I can't breath!
The air feels trapped around me.It is breathtaking,the lake is.
I feel like I am magically taken aback to 48 years ago when Ojukwu the Great War hero of the Igbo land was still active,building the bunker for his army here in Oguta lake,trying to prepare against the" enemies" of a Biafra that would never live for a long time during the Nigeria civil war.
Somehow,it seems to me like I've being here.The landscape looks so familiar and my mind keeps bringing images of war front,I see soldiers everywhere,loud shouts fills my ear and the smell of gun powder so potent it fills my nostril.The new golf course is no longer here and the pine hotel fades into a dirt filled untamed shrubs.
Then it dawned on me that I'm no longer in the lake as it is and Johnny who brought me here has suddenly vanished from my view.
I'm caught between two periods I realize and I can't remember ever having a major case of déjà vu mixed with a high dose of hallucination without any alcohol in my system.I'm scared because the images won't go away and my heart is racing fast like I've taken several shots of adrenaline.Everything is happening on slow motion.
The only thing I want to do is to escape this place and I begin to wonder where Johnny is.
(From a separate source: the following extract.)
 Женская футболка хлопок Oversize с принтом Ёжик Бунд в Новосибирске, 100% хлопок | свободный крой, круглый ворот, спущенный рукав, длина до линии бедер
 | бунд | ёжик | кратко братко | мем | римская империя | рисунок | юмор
My back hair is rising like someone is staring at me and then I turn around to see a young soldier who has this noticeable wound below his left rib cage, about 5'6 in height,his jaw set and the muscles around his shoulders rigid.Amidst the noise and loud chattering his gaze is fixed on me without wavering.My heart did a double skip when He looked deadly familiar.So familiar that he looked like me!
"Chioma!"that's Johnny's voice.
Whoa! I did sleep off in the bunker (which I can't remember entering)and I wonder what just happened to me.My hand automatically goes down to the spot below my left rib cage where I have a scar that my parent can't explain.
This isn't the first time of me going to the lake but with this occurrence I have the ancient understanding of facts that will never be described with words.
As tears flows down my eye this moment.I try to blot out what I just experienced but the memory of the unwavering stare of the soldier wouldn't go away.